Stumped on these math problems...HELP PLZ?

4) find the values of x for which the equation is true. you do this by setting each quantity equal to 0:

x-4=0...........................x+3=0

x=4..............................x=-3

x=4 and x=-3 are the roots of the equation. the positive root is x=4

9) first, write the equation in standard form:

2(x^2)-6x+0=0

2(x^2)-6x=0

now factor out 2x:

2x(x-3)=0

(2x)(x-3)=0

now set each quantity equal to 0:

2x=0......................x-3=0

x=0........................x=3

x=0 and x=3 are the roots of the equation.
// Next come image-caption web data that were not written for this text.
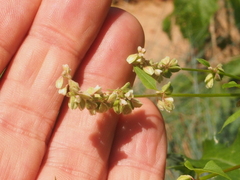 Fallopia convolvulus
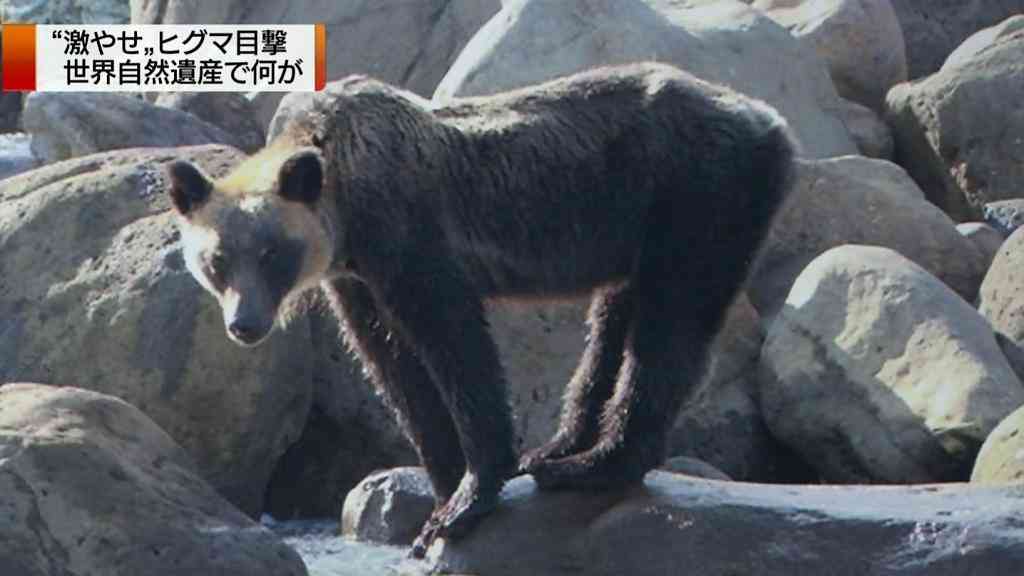 あなたのお気に入りの画像貼ってください！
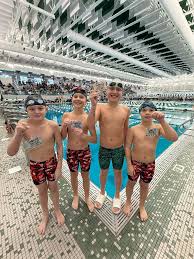 Image result for Loftus Dolphins Swimming Club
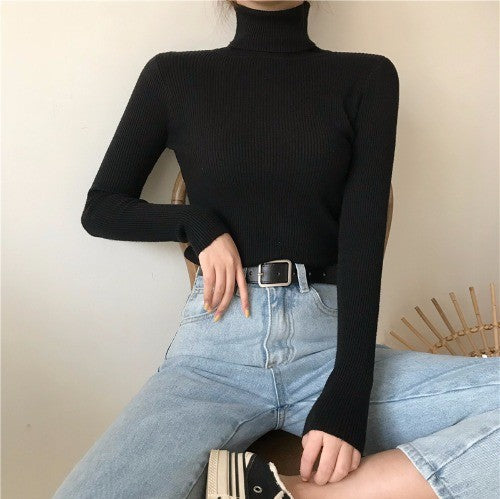 High Collar Warm Long Sleeve Sweater Women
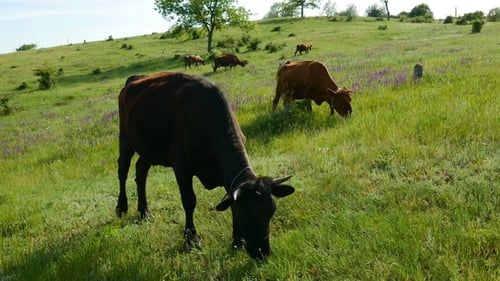Cows Grazing in Green Pasture on Sunny Day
11) this equation is a quadratic, and it is the difference of two squares. the factoring of it looks like this:

(x-7)(x+7)=0

now set each quantity equal to 0:

x-7=0...................x+7=0

x=7......................x=-7

x=7 and x=-7 are the roots of the equation. the positive root is x=7

another way: you could just: add 49 to both sides:

x^2=49

then take the square root of both sides (but because it's a quadratic, the square root will be ±):

x=±7

12) this equation is a quadratic, and it is the difference of two squares. the factoring of it looks like this:

(x-9)(x+9)=0

now set each quantity equal to 0:

x-9=0...................x+9=0

x=9......................x=-9

x=9 and x=-9 are the roots of the equation. the positive root is x=9

another way: you could just: add 81 to both sides:

x^2=81

then take the square root of both sides (but because it's a quadratic, the square root will be ±):

x=±9

4) x=4

9)2x^2 -6x = 0 ie 2x(x-3)=0 so x=0 or x=3

11) X^2=49 x=sqrt(49) x=7

12)similar to11

4. +4, the negative root would be -3

9. 2x = 6,; x = 3.

2(3)^2 = 6(3)

18 = 18

11. +7, and negative root would be -7

(x-7)(x+7)= 0

12. same technique as above. +9